The only way to end the horror is to live by the principles we say we honor. If we were the nation we claim to be, there would be no need for “The War on Terror” ™ – sham or not.
But we aren’t, and the killing will continue unless persons of conscience the world over force an end to it.
Hey, I can dream, can’t I?
Oh, and a search on “hamas” and “terrorist” brought up over two million results. All of these aren’t corpress cites, of course, but I don’t think you can make a case for the NYT, WP et al being “soft on terrorism”, can you?
Well, perhaps you can. You might want to check how many times the attack on Gaza is described as “terrorism” by them.
As regards the Beirut and Cole attacks, those were military targets, weren’t they? The victims were “enemy combatants”, to coin a phrase, to those who carried them out.
Whatever you think of their actions, can you justifiably call them “terrorist” in nature?
What do you think?
“What do you think?”
I think that ‘Fred’ has everything upside down, which is why he’s talking out of his ass.
Good article. I’m pro-life, but I believe Roeder’s actions were terrorism. Perhaps not as severe as the actions the media more commonly call terrorism, but a form of terrorism nonetheless. Ends rarely justify means, especially when those means are terrorist.
The end NEVER justifies the means. A terrorist is not a terrorist when “we” approve of what he does. Is dropping bombs on civilians terrorism? Only when other people do it; not when the U.S. does it. The U.S. has shown during the combined Iraq-Afghanistan debacle the utter hypocrisy of this nation and its political leadership.
I forget who said something to the effect of, “There is no such thing as a successful terrorist. If they are successful, they never were terrorists in the first place, they were freedom fighters.”
Fred:
Hamas is the elected government of the Palestinians; Hezbollah the elected leaders of Lebanon. Have the governments of Israel & the United States committed ‘terrorist’ acts?
My dictionary had a better definition of terrorist than it did criminal. What is regarded as criminal seems to be defined by state and federal statute. While the Ten Commandments of the Old Testament include laws against murder and lying, the two Commandments of the New Testament both speak of love (not the hates, prejudices, and teachings of men).
Terrorist acts are criminal acts. A state of war is something else.
The new republican senator from Massachusettes put the discourse about abortion in its place: The appropriate context being in the privacy of a doctor’s office between a woman and her doctor.

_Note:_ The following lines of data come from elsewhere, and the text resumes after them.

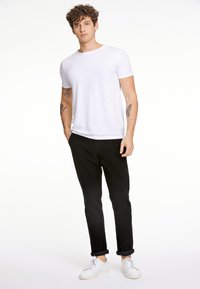 Camiseta blanca de manga corta combinada con pantalones negros y zapatillas blancas. Ajuste casual, tejido suave y dobladillos enrollados en los pantalones.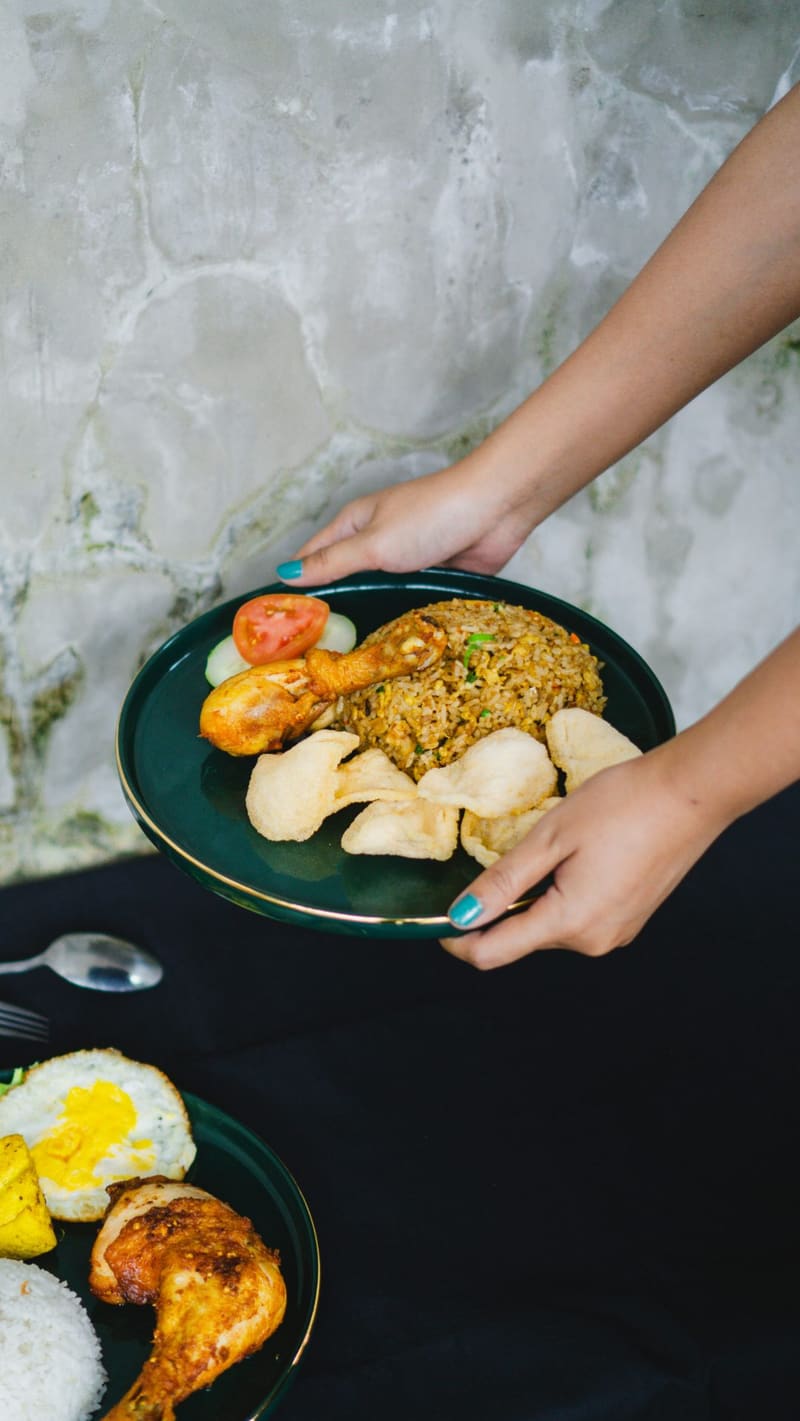 serving a plate of fried rice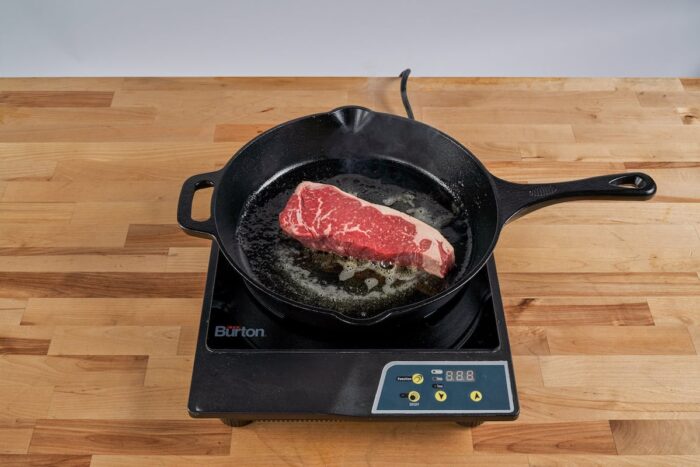 pan frying steak on a stovetop - cooking steak in cast iron pan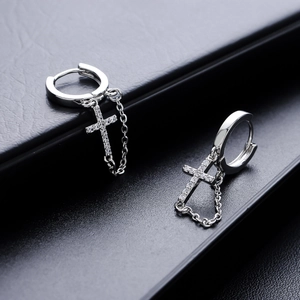 Silver-plated cross hoop earrings with cubic zirconia pavé and chains on a black background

isn’t the use of drones on non-combatants “terrorism”? when Madeline Albright was asked about” collateral damage” during air-strikes(such as drones),her answer was that these occurences happen during war. hey, Madeline, why don’t you give that answer to the families of the victims of 9/11? why is it different when “they” do it to “us”? the killing of civilians is unacceptable in every case.,…end of discussion!
Glad someone mentioned the attack on USS Cole in Yemen.
Does anyone remember the Israeli attack on the USS Liberty in 1967?
Many more sailors were killed on the Liberty than on the Cole!